Clinton’s all-time high rating, 67 percent, came in December 1998, shortly after the House voted to impeach President Bill Clinton, which “engendered Americans’ sympathy for the first lady,” Gallup says.
But as Hillary entered electoral politics, first as a U.S. senator from New York and then as a candidate for the Democratic presidential nomination, her favorable rating dipped, reaching 44 percent in 2001.
The rating remained in the 40s and 50s until she assumed her State Department job, reaching 65 percent in January 2009.
The new rating of 66 percent is from a poll conducted after the United States began enforcing a no-fly zone in Libya, a policy Hillary reportedly favored.
The poll of more than 1,000 adults that ended on March 27 found that 72 percent of women rate Clinton favorably, as do 77 percent of women age 50 and over.
Among independents, 62 percent rate her favorably, while 92 percent of Democrats and 40 percent of Republicans have a favorable view of Hillary.
Clinton even garners a 45 percent favorable rating from respondents who say they disapprove of the job President Obama is doing.

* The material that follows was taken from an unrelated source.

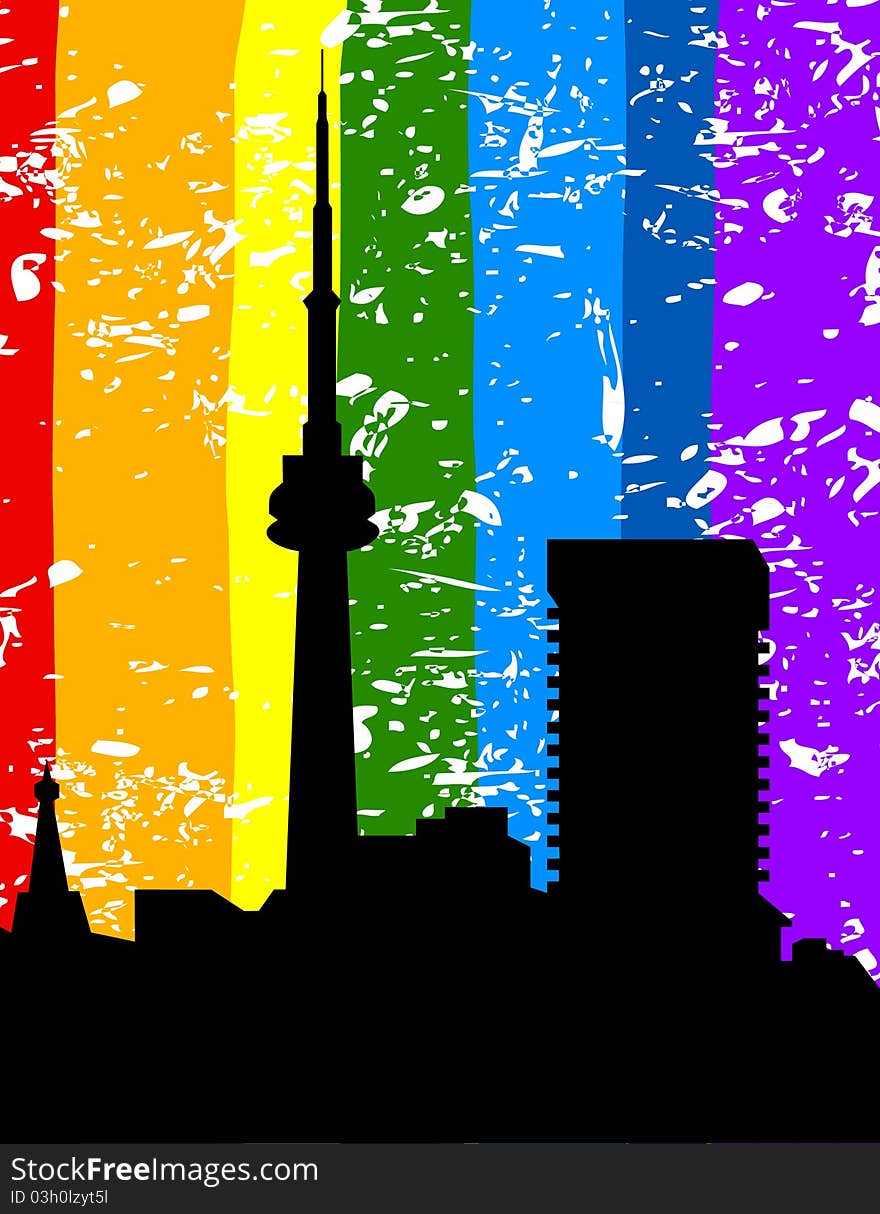 The big city against a rainbow. A illustration. The big city against a rainbow. A illustration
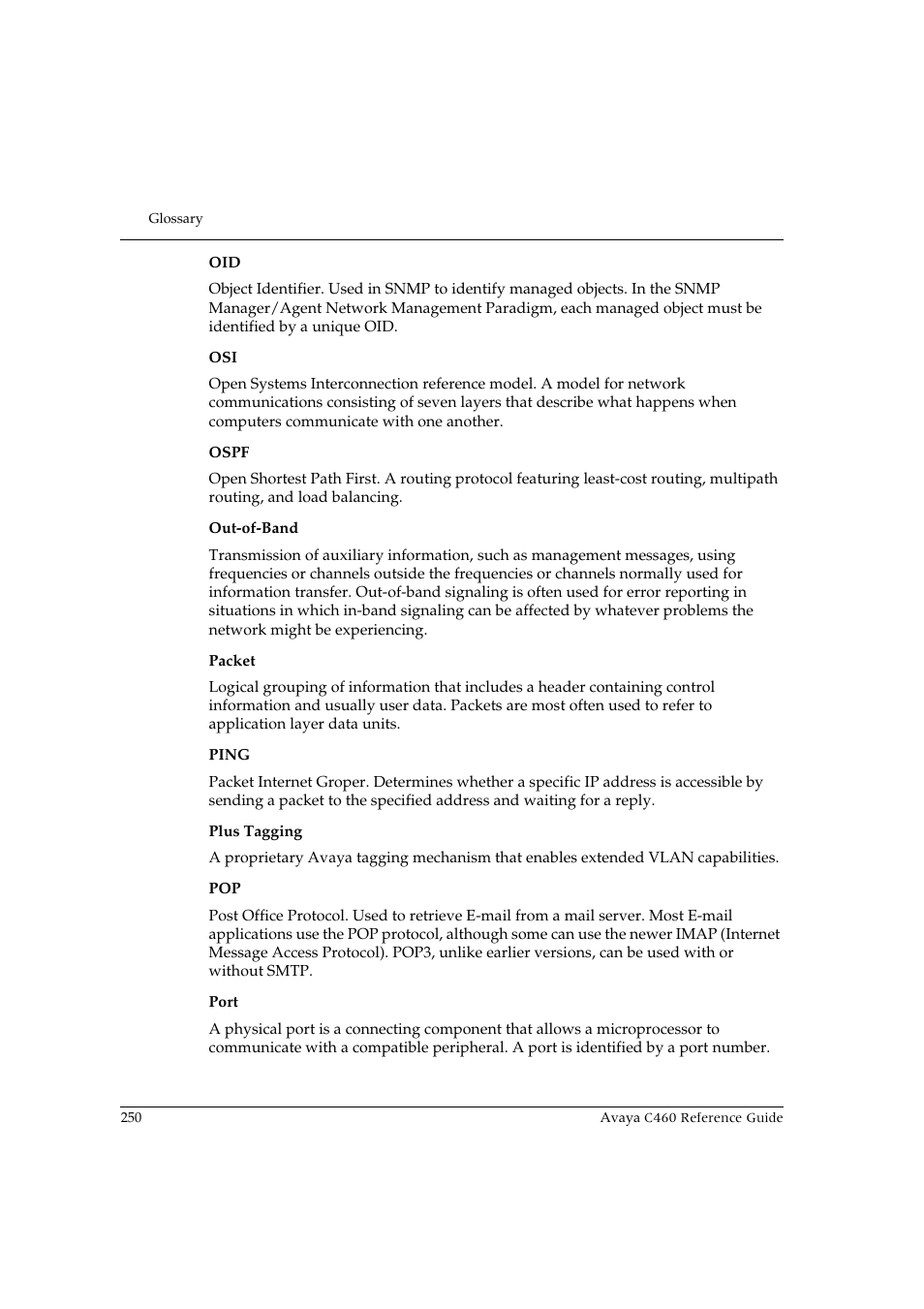 Avaya C460 User Manual | Page 262 / 268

Hillary’s favorable rating in the new poll is higher than that of Obama (54 percent), Secretary of Defense Robert Gates (52 percent), and Vice President Joe Biden (46 percent).
“Clinton’s popularity may be partly due to the nature of the secretary of state position, which is somewhat above the fray of partisan politics and focused on defending U.S. interests globally,” Gallup notes.
But Hillary’s popularity does not approach that of another secretary of state, Colin Powell, who served during President George W. Bush’s first term. His favorable ratings were consistently above 80 percent, and reached as high as 88 percent.